MINUT Rakyatsulutonline –
Pemerintah Kabupaten Minahasa Utara (Minut) memastikan proses pembayaran Tunjangan Hari Raya (THR) dan Gaji ke-13 bagi seluruh Aparatur Sipil Negara (ASN) serta Pegawai Pemerintah dengan Perjanjian Kerja (P3K) telah dimulai.
Kebijakan ini merupakan bentuk komitmen Bupati Joune Ganda bersama Wakil Bupati Kevin William Lotulung dalam memenuhi hak para pegawai menjelang Hari Raya Idul Fitri 1447 Hijriah tahun 2026.
Sekretaris Daerah Minut Novly Wowiling menjelaskan, proses pencairan dana telah berjalan setelah Tim Anggaran Pemerintah Daerah (TAPD) menyelesaikan tahapan harmonisasi pada Kamis, 12 Maret 2026.
Setelah tahapan tersebut rampung, seluruh Organisasi Perangkat Daerah (OPD) langsung didorong untuk segera memproses pengajuan pembayaran sesuai ketentuan yang berlaku.
“Dari sisi anggaran sudah sangat siap.
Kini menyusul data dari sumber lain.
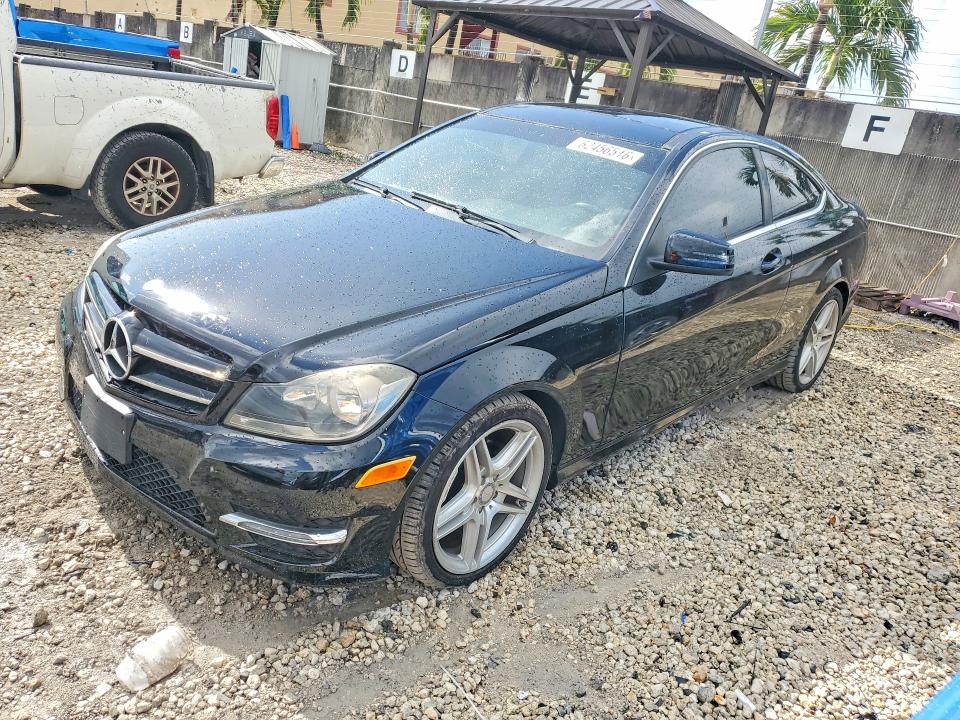 2013 Mercedes-benz C-klasse VIN WDDGJ4HB7DG031810 COPART salvage auction — FRONT END, Fl - Certificate Of Title, sold $500 on 2026-07-31 (photo 1)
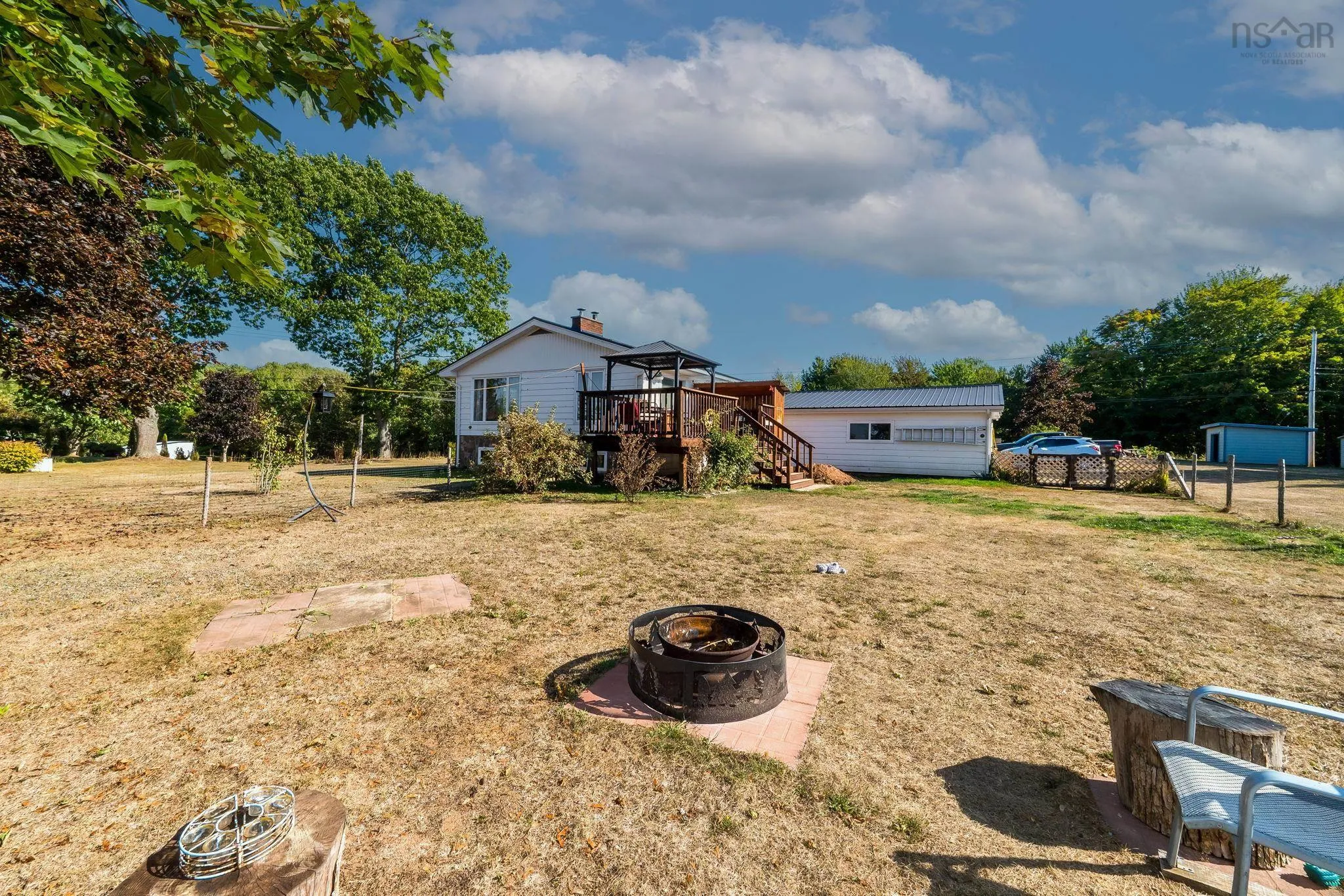 387 Lawrence Road, Rockland, NS B0P 1E0, 3 Bedrooms Bedrooms, ,1 BathroomBathrooms,Residential,For Sale,Lawrence,202523359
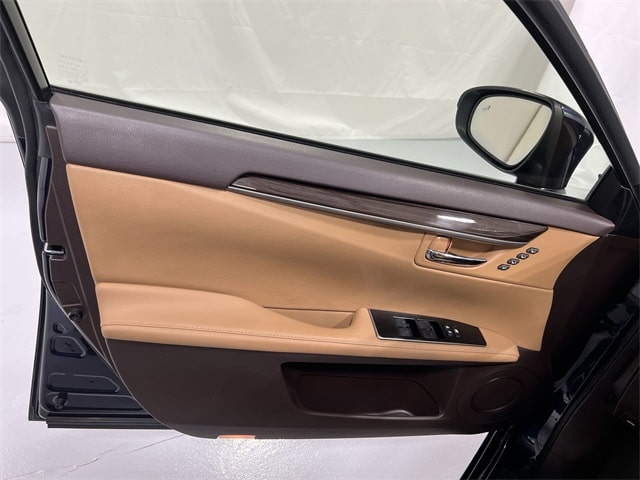 Thumbnail: 2018 Lexus ES - 31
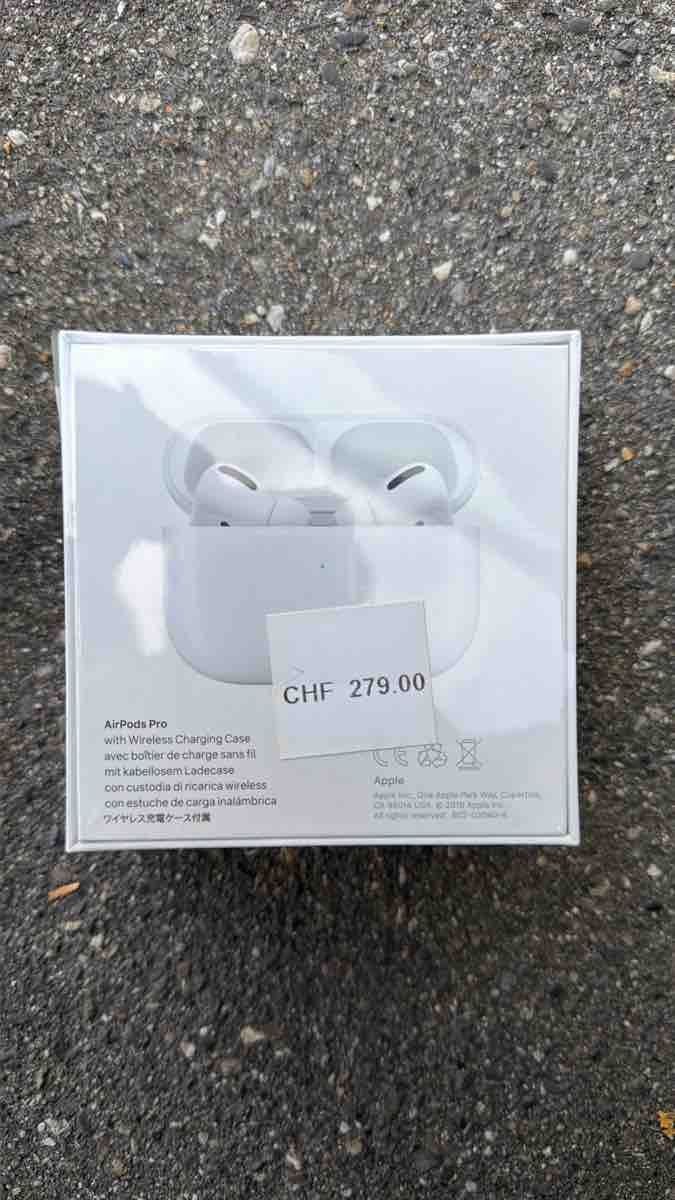 Apple Casques audio: Apple AirPods Pro mit Wireless Charging Case neu – D'occasion à Cham par dri_kx9x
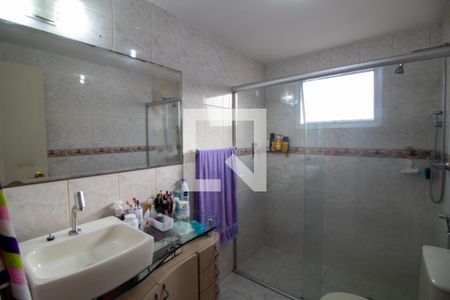 Apartamento à venda com 122m², 3 quartos e 2 vagasBanheiro da Suíte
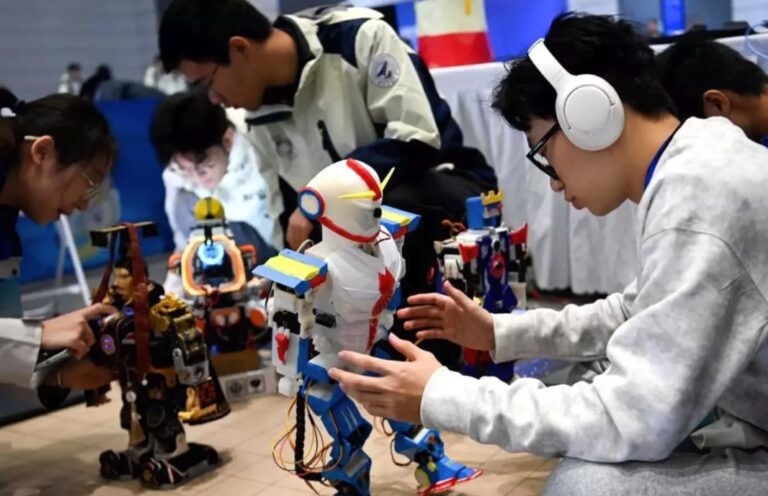 Xi’an’da 2024 Çin Robot Yarışması Büyük İlgi Gördü: 200 Üniversiteden 1.700 Takım Kıyasıya Yarışıyor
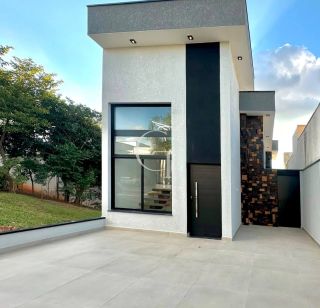 Casa de Condomínio Para Vender com 03 quartos 01 suítes condomínio Portal dos Sabias em Itu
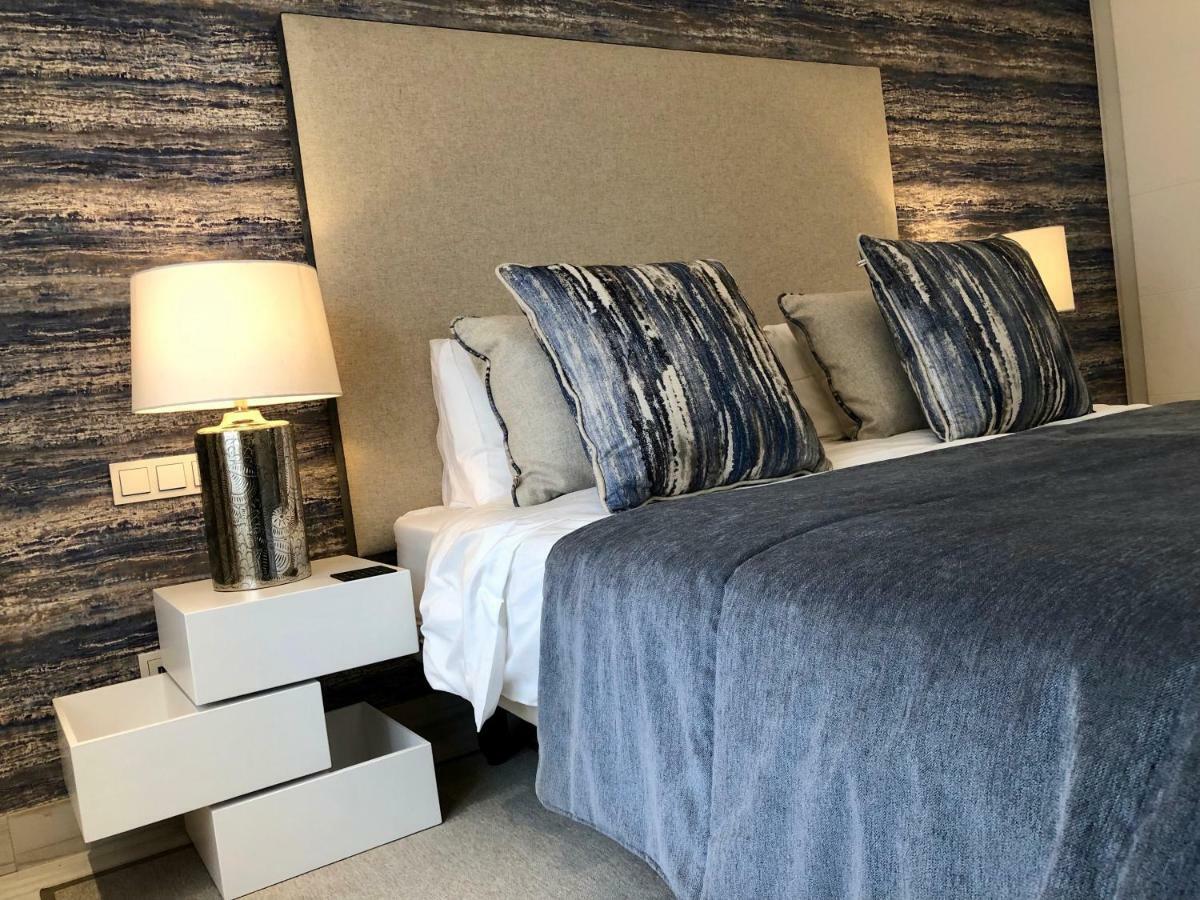 Luxury Apartment In La Isla, Walking Distance To Puerto Banus มาร์เบยา ภายนอก รูปภาพ
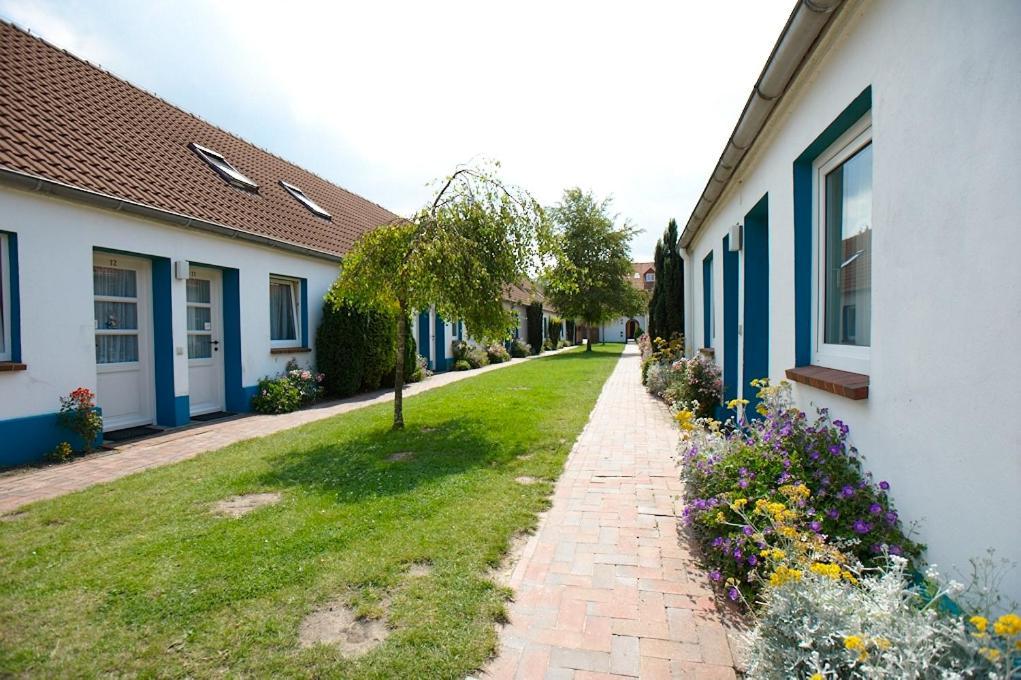 Frieslandstern - Ferienhof Und Hotel Schillig Exterior photo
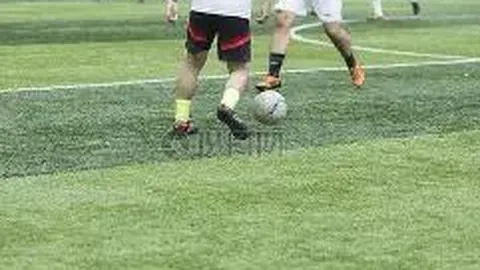 曼联计划明年1月降价出售桑乔，外媒曝光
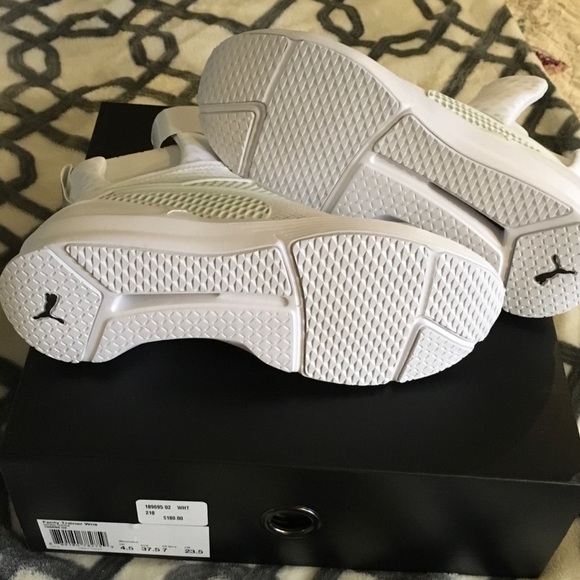 Puma Fenty Trainer size 7 - Picture 3 of 5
Meskipun nilai akumulatifnya cukup besar, yakni mencapai Rp23,2 miliar untuk THR dan Gaji 13 bagi 4.602 pegawai Pemkab Minut yang terdiri dari ASN dan P3K,” ujar Wowiling.
Jumlah anggaran tersebut mencakup seluruh P3K yang terbagi dalam dua kategori, yaitu P3K penuh waktu dan P3K paruh waktu.
Khusus untuk P3K paruh waktu, mekanisme pemberian tunjangan mengacu pada rumusan yang telah diatur secara jelas dalam petunjuk teknis dan regulasi yang berlaku di daerah.
Wowiling berharap pemberian THR dan Gaji ke-13 dapat memberikan manfaat nyata bagi seluruh penerima, terutama bagi mereka yang akan merayakan Hari Raya Idul Fitri.
“Selain membantu memenuhi kebutuhan menjelang Lebaran, penyaluran THR dan Gaji 13 ini juga diharapkan memberikan dampak positif terhadap perputaran ekonomi di Kabupaten Minut,” tambahnya.
Ia menambahkan, realisasi pembayaran ini juga menjadi bagian dari sinergi antara pemerintah daerah dengan pemerintah provinsi serta kabupaten/kota lainnya dalam merealisasikan kebijakan nasional terkait pembayaran THR bagi ASN.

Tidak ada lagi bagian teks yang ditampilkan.